(Problem requirements): Each record below gets repeated exactly, and pictures stay out of the copy.

Items listed in a dataset:

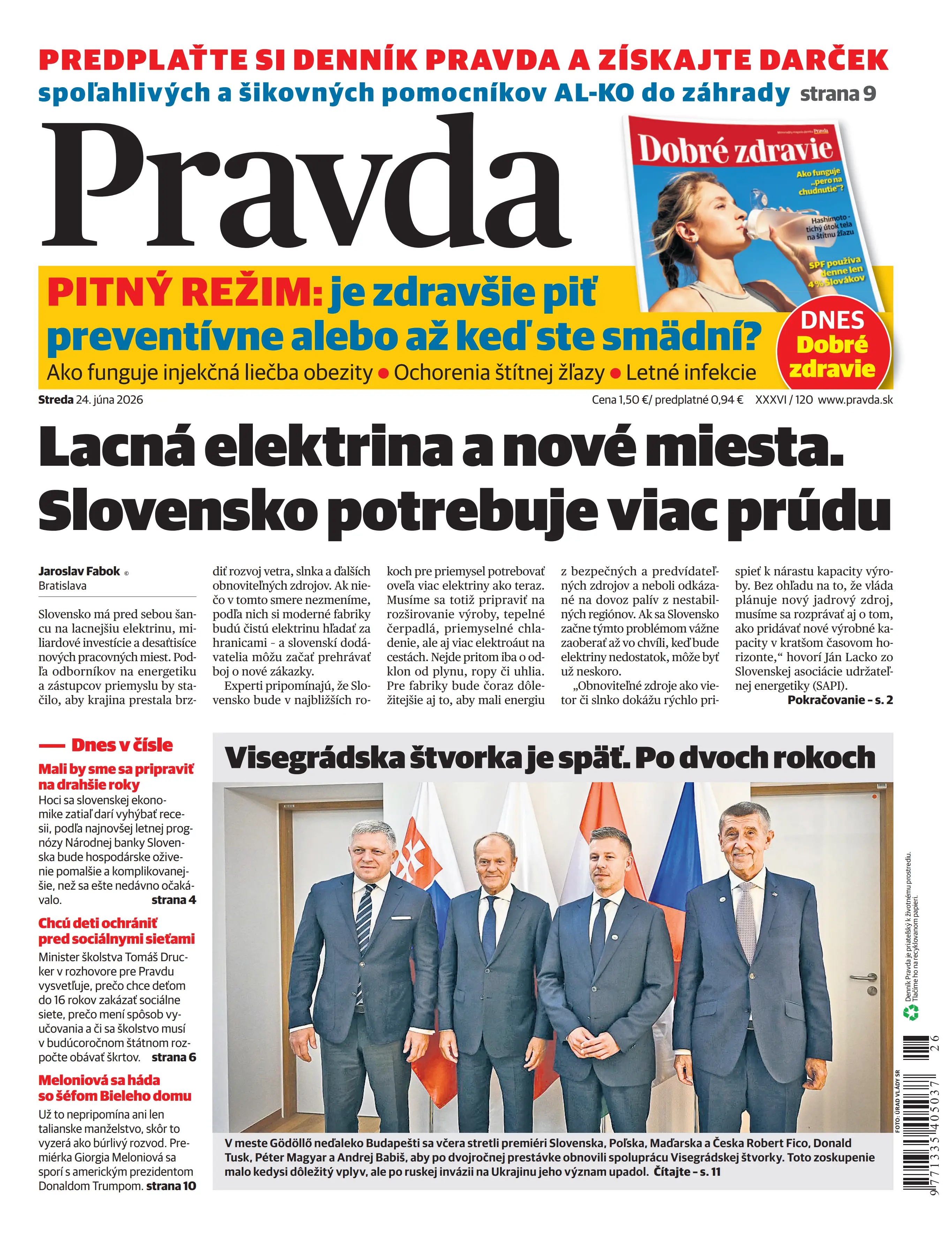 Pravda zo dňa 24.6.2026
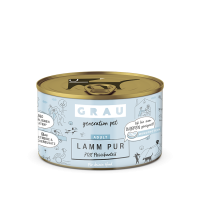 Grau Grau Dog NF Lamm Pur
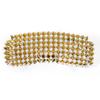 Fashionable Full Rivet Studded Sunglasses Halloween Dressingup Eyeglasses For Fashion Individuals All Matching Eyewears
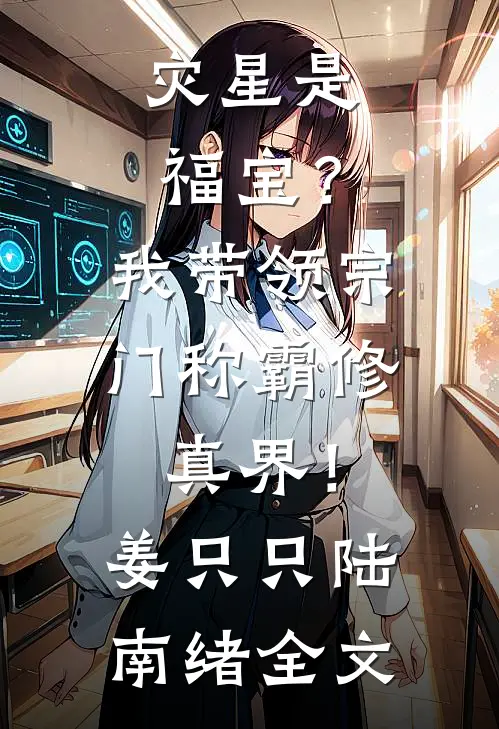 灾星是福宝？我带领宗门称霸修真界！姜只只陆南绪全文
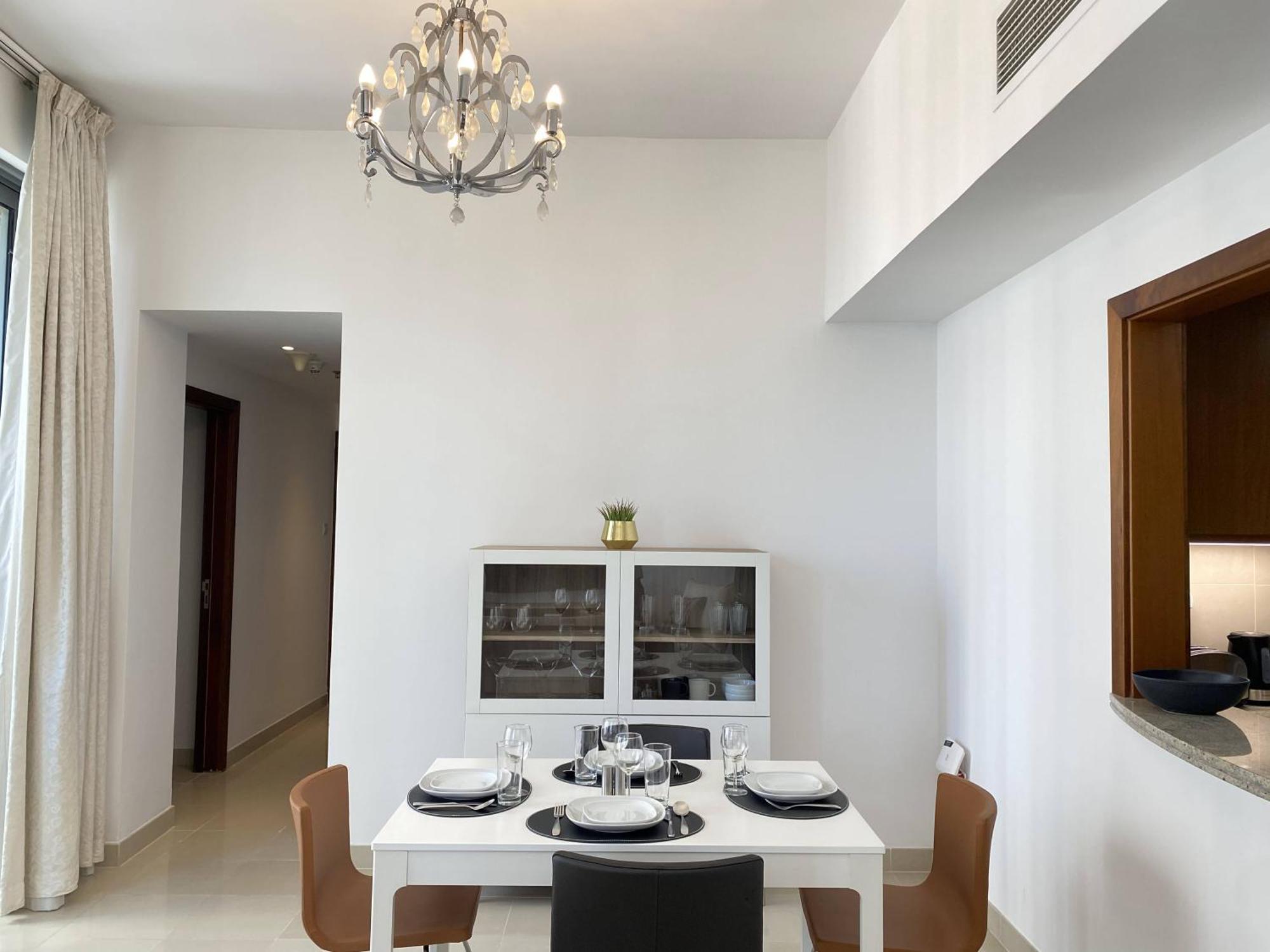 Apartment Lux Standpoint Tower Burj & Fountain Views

(Written response):
 Pravda zo dňa 24.6.2026
 Grau Grau Dog NF Lamm Pur
 Fashionable Full Rivet Studded Sunglasses Halloween Dressingup Eyeglasses For Fashion Individuals All Matching Eyewears
 灾星是福宝？我带领宗门称霸修真界！姜只只陆南绪全文
 Apartment Lux Standpoint Tower Burj & Fountain Views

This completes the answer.